We bought a load of baked goods at a Chinese bakery across the street from the restaurant and they were cheap. The first thing we tried was a light bun filled with cream. It had a lovely orange flavor and wasn't overly sweet. It was also the best thing we sampled. Two other items of note were the crystal rice pudding and walnut bean paste cookie. The rice pudding was rice cooked until it had turned completely glutinous with a strange flavor that I couldn't immediately nail down. Later I determined that it had the indistinct but unmistakable flavor of candy cigarettes. We ate this back at John's apartment. John molded his into a giraffe and then a camel and I chased mine with beer and whiskey. The cookie I ate later. It had walnuts and a sweet black paste, which I figure was the bean paste part. It tasted like sweetened black beans. Very strange. Asian cultures mystify me.

Stranger still is the Japanese Natto I ate since coming back home- this has nothing to do with Chicago but I thought it was interesting. Natto is fermented beans coated with a goo that is stickier and stringier than melted mozzarella or egg whites and smells like the juice at the bottom of a trashcan. Natto is eaten with rice, green onions and a raw egg yolk. That’s how I ate mine. Probably something people learn to enjoy from a very early age.

Other things

We went to the Art Institute, but missed out on the modern museum because it was closed when we went on Monday. John says there are big Teletubbies there.

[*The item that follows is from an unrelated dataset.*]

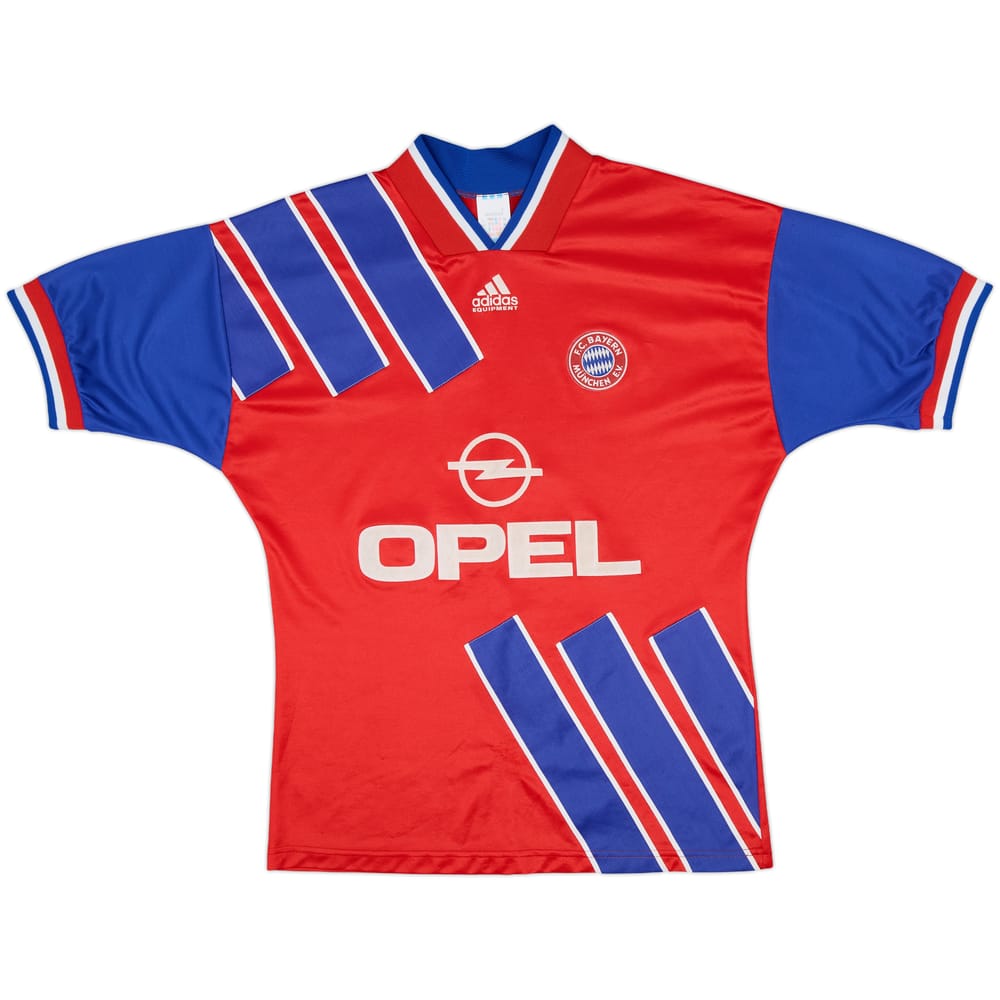 1993-95 Bayern Munich Home Shirt - 8/10 - (M)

We caught some of the Gospel Festival- I missed the Blues Festival by a week, but John says Odetta kicked ass- and saw a gospel vocal quintet of old guys singing old religious stuff. They were good. The woman who sang later to a prerecorded band was not, even if she did talk about smackin' the Devil in the mouth. I, of course, support of mouth-smackin' of any kind.

The parks there are a great place to kill time unless it's windy and cold. The parks near the water can be especially gusty. My brother says Grant Park, where many of the festivals are held (located off Michigan Ave by the Art Institute), is a good place to talk to bums. One guy showed him artwork he had done. If you are going to Chicago in the warm season, make sure to check the festival schedule. We stayed in a few times because doing stuff can be expensive, and we made Spanish Omlettes, drank beer and whiskey, smoked a whole bunch of cigarettes and played guitar. Hanging out is a wonderful thing where the only requirement is good company.

The whole reason

The whole reason for this trip was not to do things in Chicago or hang out with my brother, but to see Doc Watson sing those old time songs I grew up on. He's an old guy, but still with it and as handsome as ever. The show was excellent and I ate pancakes afterward. Truly, though, this trip was about hanging out, just as every trip must be. I had a good time and only forgot where I was for one short moment. All this with my brother. We are both getting to the age where that old adolescent conflict is beginning to fade to where we can appreciate each other's company. This is a good thing to happen between brothers.

I recommend getting a brother, if you don't have one already, and visiting him in Chicago.